Having trouble deciding what to watch on home video? Think you've seen it all? Here are some films you may have missed.
The Emperor's New Clothes (2001)--Best-known for his performances in such films as Alien, The Sweet Hereafter and Lord of the Rings, Ian Holm has a body of work that consists mostly of carefully crafted, understated supporting performances, which have earned him a reputation as one of the best actors working in film. But with director Alan Taylor's The Emperor's New Clothes, the entire success or failure of the film hinges on Holm's sublime dual performance as the imprisoned emperor of France, Napoleon, and as a common man who impersonates him. History tells us Napoleon died in exile on the island of St. Helena; but if we are to believe this film, based on Simon Leys' novel, Napoleon escaped his prison and Eugene Lenormand took his place to fool his British captors. The plan was that once Napoleon was safely in Paris, it would be revealed that Eugene was an impostor, and the king would rise up to reclaim his throne. But as this dark comedy progresses, everything goes terribly wrong, and as hard as he tries, Napoleon seems destined to live out his life as Eugene. The Emperor's New Clothes could have easily failed, had Taylor chosen to make the film a broad farce rather than a subtle, and cynical, comedy.

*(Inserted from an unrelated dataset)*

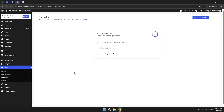After arriving at the subscribers area, you will notice that there is an option to explore more details about the users interacting with your website. You will find a users section within WordPress. Selecting this area provides an opportunity to review all registered users and their roles, which is especially helpful if you are planning to coordinate content contributions or manage different user privileges.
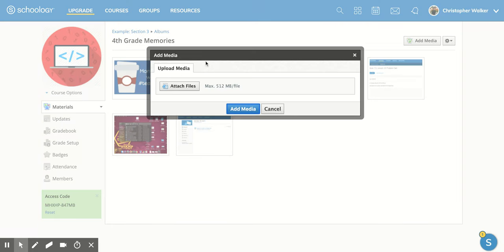And then the other option is that you can add more media. And that's going to open up that same screen that we had before. And you can attach pictures directly from your computer from there, or videos.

Two Family House (2000)--Buddy Visalo is a loser. Married to Estelle, a castrating shrew, and stuck in a back-breaking factory job, his lofty goals of self-employment exceed his meager means. He's the man Thoreau wrote about, living a life of quiet desperation. His latest plan involves purchasing a two-family house, the bottom floor of which he plans to convert into a tavern while he and Estelle (Kathrine Narducci) live upstairs. But Buddy (Michael Rispoli) gets more than he bargained for when he tries to evict the upstairs tenants, setting off a chain of events that will forever change his life and the lives of those around him and become part of the neighborhood mythology of Staten Island. Set in the 1950s and inspired by writer-director Raymond De Felitta's real-life Uncle Buddy, Two Family House is a quiet story of one man's journey toward an awakening of his inner self. De Felitta's film is sweet without being sappy, emotional without being melodramatic and sentimental without being contrived. De Felitta's script and Rispoli's performance bring a solid dimension to the sad-sack Buddy while Narducci (one of many Sopranos veterans in the cast) and Kelly Macdonald (Trainspotting, Gosford Park)--the upstairs neighbor--provide balance to the complex, troubled man.